Otoimmün Ensefalitte Yer Alan Yeni Patojenik Antikorları Tespit Etmek ve İncelemek için Hipokampal Nöronal Kültürler

Bu protokol önemlidir, çünkü bir hasta örneğinin patojenik antikorlar içerip içermediğini belirlememize izin verdi. Bu tekniğin temel avantajı, diğer yöntemlerle kolayca ayırt edilemeyen yüzey ve hücre içi antijenler arasındaki reaktiviteyi ayırt etme yeteneğinde yatmaktadır. Kültürel hipokampal nöronlar yeni antikorları tanımlamak için kullanılır.

Bu yeni antikorların tanımlanması sonunda hasta sonuçlarını iyileştirmek için monoterapilerde spesifik bir şeyin başlatılmasına izin verir. Bu teknik önemlidir, çünkü nöronal yüzey proteinlerine yönlendirilen patojenik antikorlarla ilgili hastalıkların tüm alanına genişletilebilir. Embriyo kafasını ince kavisli forsepslerle tutarak, yörüngeleri 45 derecelik bir açıyla bir çift ince düz forseps ile delin.

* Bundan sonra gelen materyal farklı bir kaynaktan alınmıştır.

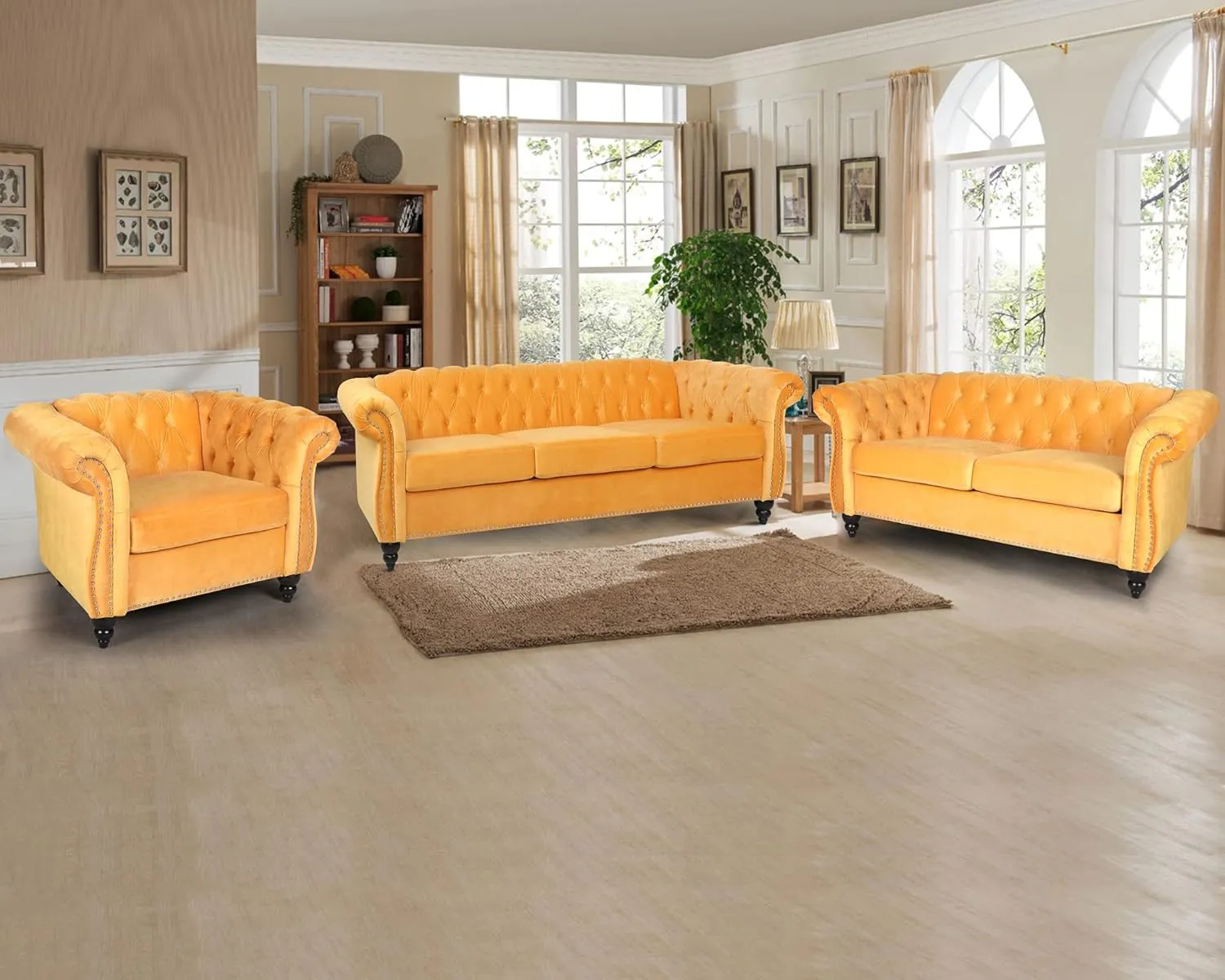 RARZOE 2 Pieces of Living Room Furniture Sofa Sets, Modern Contemporary Tufted Button Velvet Accent Club Chair&Chesterfield Loveseat Sofas Set with Nailhead Trim Scroll Arms(Mango)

Ardından ince kavisli forsepsleri serbest bırakın. Ameliyat makası yardımıyla oksipital kemikten başlayarak frontal kemiğe kadar cildi ve kafatasını diseke edin. Daha sonra beyni bir çift ince kavisli forseps ile çıkarın ve kış uykusuna yatma artı B27 ile altı santimetrelik bir tabakta toplayın.

Tüm embriyoların beyinleri kurtarıldıktan sonra, telensefalonları sagital olarak ayırmak için ince düz forseps kullanın. Daha sonra, bir daire içinde bir santimetre mesafeye hazırda bekletme ve B27 damlaları yerleştirerek 10 santimetrelik bir tabak hazırlayın ve diseksiyon kapsamını 1.25 X büyütmede görselleştirmek için damla başına bir telensefalon yerleştirin. Mikroskop altında çalışırken, talamusu dikkatlice çıkarın ve hipokampüsü daha iyi görselleştirmek için meninksleri soyun.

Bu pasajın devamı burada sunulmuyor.